Work task: Without copying any picture, transcribe exactly the lines of the data below from the one containing "Ford Fiesta Interior" through the one containing "Explosion-proof Film for OPPO A5".

Provided records:
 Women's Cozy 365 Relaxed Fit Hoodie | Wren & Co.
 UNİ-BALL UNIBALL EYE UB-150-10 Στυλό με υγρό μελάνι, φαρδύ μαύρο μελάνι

==

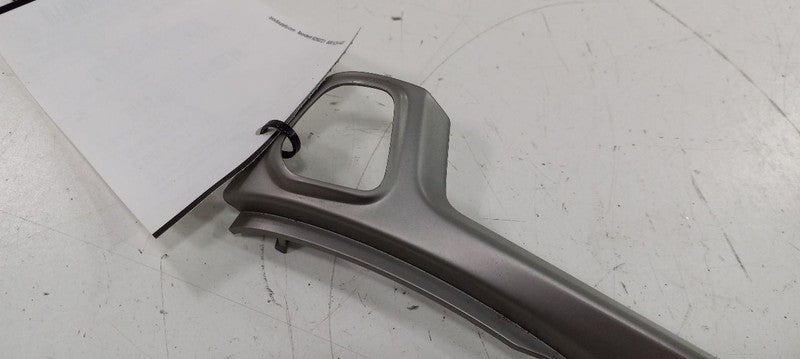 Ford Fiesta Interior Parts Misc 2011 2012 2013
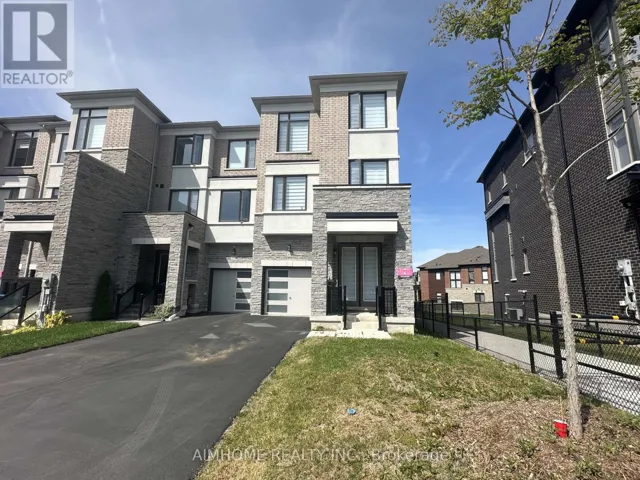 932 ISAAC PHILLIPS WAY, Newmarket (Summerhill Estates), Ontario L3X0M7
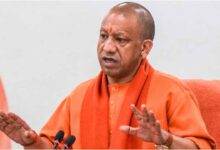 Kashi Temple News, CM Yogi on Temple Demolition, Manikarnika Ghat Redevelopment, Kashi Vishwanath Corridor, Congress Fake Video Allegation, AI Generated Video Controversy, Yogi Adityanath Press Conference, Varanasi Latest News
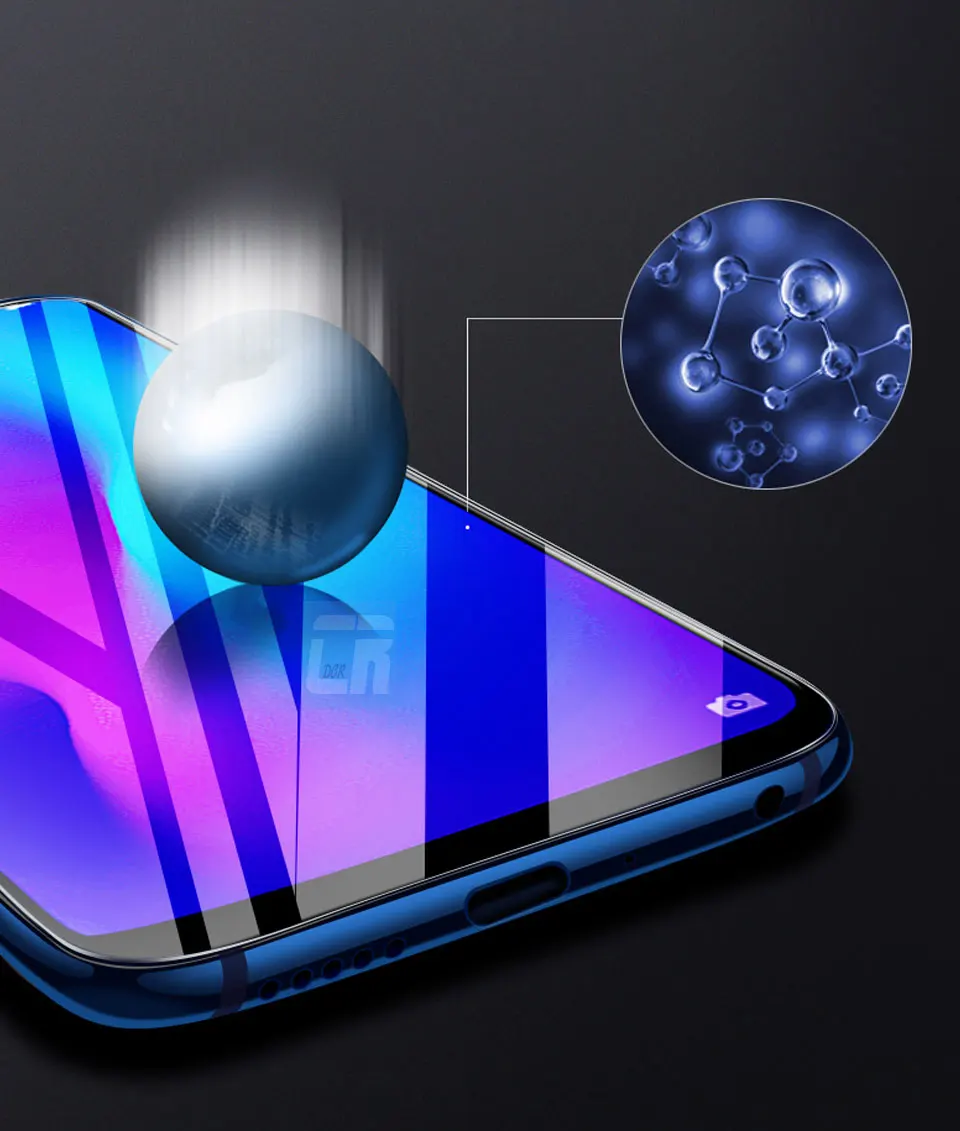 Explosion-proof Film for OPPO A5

Written response:
 Ford Fiesta Interior Parts Misc 2011 2012 2013
 932 ISAAC PHILLIPS WAY, Newmarket (Summerhill Estates), Ontario L3X0M7
 Kashi Temple News, CM Yogi on Temple Demolition, Manikarnika Ghat Redevelopment, Kashi Vishwanath Corridor, Congress Fake Video Allegation, AI Generated Video Controversy, Yogi Adityanath Press Conference, Varanasi Latest News
 Explosion-proof Film for OPPO A5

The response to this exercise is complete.